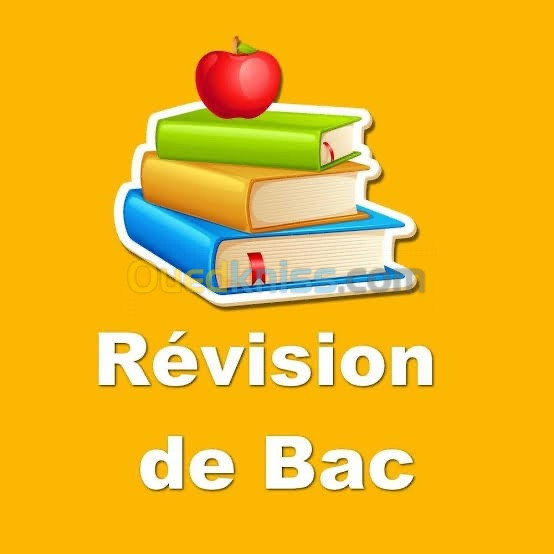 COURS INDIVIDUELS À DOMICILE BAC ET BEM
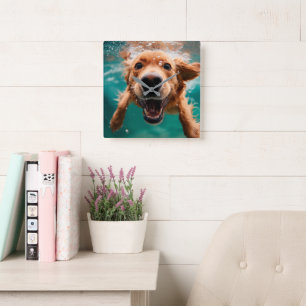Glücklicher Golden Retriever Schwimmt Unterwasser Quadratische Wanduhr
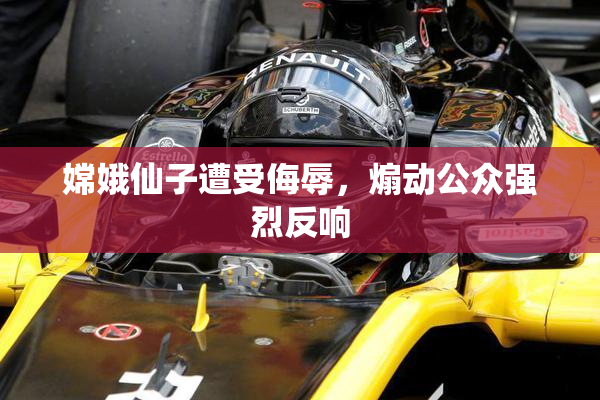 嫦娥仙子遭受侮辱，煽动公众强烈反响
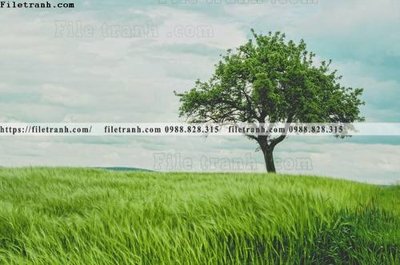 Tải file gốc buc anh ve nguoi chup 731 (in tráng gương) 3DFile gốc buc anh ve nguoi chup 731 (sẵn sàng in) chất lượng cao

⁂

When copying the listing, skip the pictures and keep each line exactly as written.

 COURS INDIVIDUELS À DOMICILE BAC ET BEM
Glücklicher Golden Retriever Schwimmt Unterwasser Quadratische Wanduhr
 嫦娥仙子遭受侮辱，煽动公众强烈反响
 Tải file gốc buc anh ve nguoi chup 731 (in tráng gương) 3DFile gốc buc anh ve nguoi chup 731 (sẵn sàng in) chất lượng cao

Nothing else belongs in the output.